Access, Education, and Practicing Freedom

In the last week, I’ve talked about being a student with audiences at Brown University, here at Wesleyan’s RJ Julia, and at John Hopkins University’s new public humanities program in Washington, DC. At Brown, our subject was affirmative action, and I was joined by an economist, the Dean of Admissions, and a political theorist. All of us were concerned about the ways in which highly selective schools in the US are much more likely to reproduce inequality than they are to open doors of social mobility. We discussed how we can address our country’s history of racial injustice in the new legal context established last summer by the Supreme Court. It was a good discussion, but there was too much agreement, for my taste, among the panelists about the error of the court. I missed the opportunity to engage with voices critical of affirmative action.

At RJ Julia in Middletown, I was talking about my book, The Student: A Short History. It was fun to summarize the main themes of the book and then to focus on how, in the modern period, the idea of the student gets wed to the desire to “practice freedom.” That’s a phrase I use a lot in the book, whether I’m talking about Kant on thinking for oneself, about Du Bois on education as empowerment, or about Jane Addams on the crucial links of learning and social sympathy. There were thoughtful questions from the audience about some of my key concepts and also how they are playing out these days in academia.

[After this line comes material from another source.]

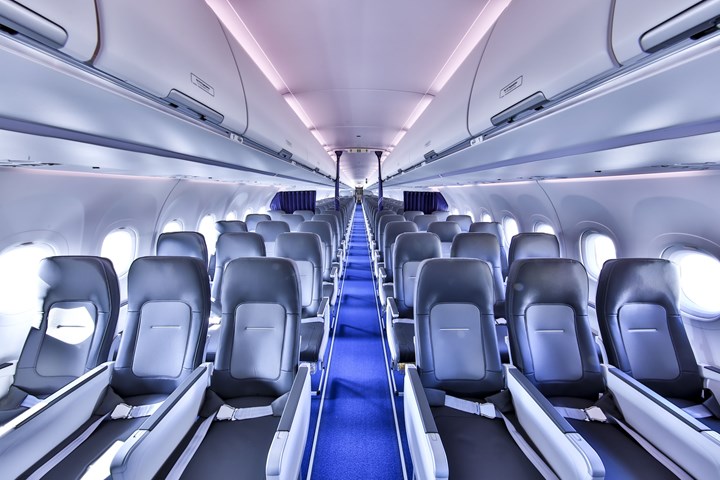 Lufthansa Airbus A320neo aircraft Airspace cabin.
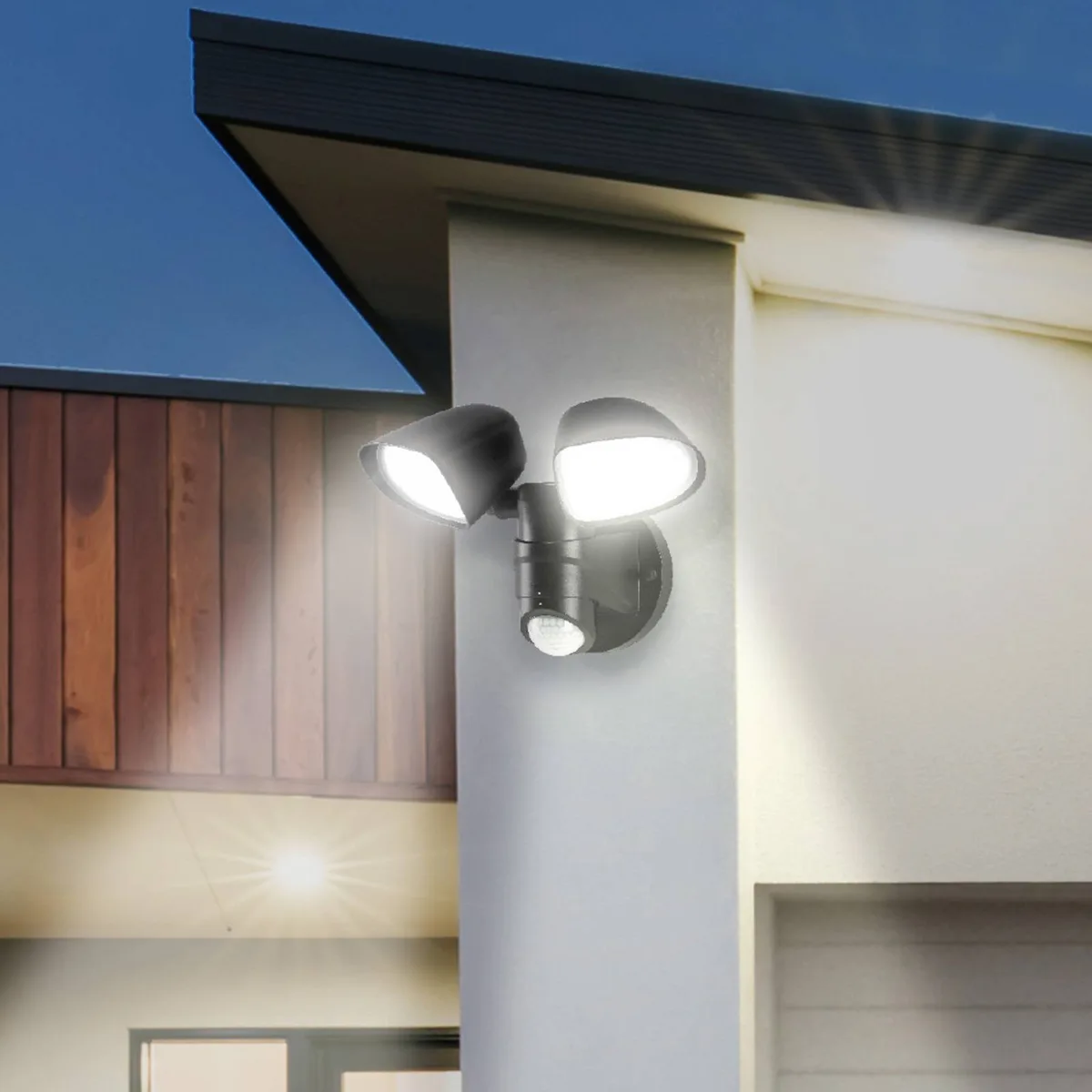 LED sensor buitenwandspot Bilbao 2-lamps de Telefunken en Noir – photo produit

I write this returning from Washington, DC, where I had a wonderful public conversation with some humanities professors from Johns Hopkins about liberal education, free speech, difficult conversations and how to be a student today. There was an impressive turnout from Wesleyan folks in the area—and some pointed questions.

Are we really living up to our promises of open inquiry and intellectual humility? Not everyone thinks so, and that’s one of the reasons why being a student, like being a teacher, means always attempting to do better. And that’s only possible through attentive listening, trust building, and openness.